* [WHAT YOU WILL DO]: Please give the listing again in its entirety, exactly as written.

* [SUPPLIED MATERIAL]:
━━━━━━━━━━━━━━━━

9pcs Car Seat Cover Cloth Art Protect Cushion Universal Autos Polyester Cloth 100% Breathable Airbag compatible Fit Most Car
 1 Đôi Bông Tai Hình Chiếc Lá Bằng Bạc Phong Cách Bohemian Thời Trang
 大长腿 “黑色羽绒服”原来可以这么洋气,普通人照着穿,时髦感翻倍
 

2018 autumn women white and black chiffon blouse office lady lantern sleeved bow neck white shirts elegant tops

━━━━━━━━━━━━━━━━

* [ANSWER TO THE EXERCISE]:
9pcs Car Seat Cover Cloth Art Protect Cushion Universal Autos Polyester Cloth 100% Breathable Airbag compatible Fit Most Car
 1 Đôi Bông Tai Hình Chiếc Lá Bằng Bạc Phong Cách Bohemian Thời Trang
 大长腿 “黑色羽绒服”原来可以这么洋气,普通人照着穿,时髦感翻倍
 

2018 autumn women white and black chiffon blouse office lady lantern sleeved bow neck white shirts elegant tops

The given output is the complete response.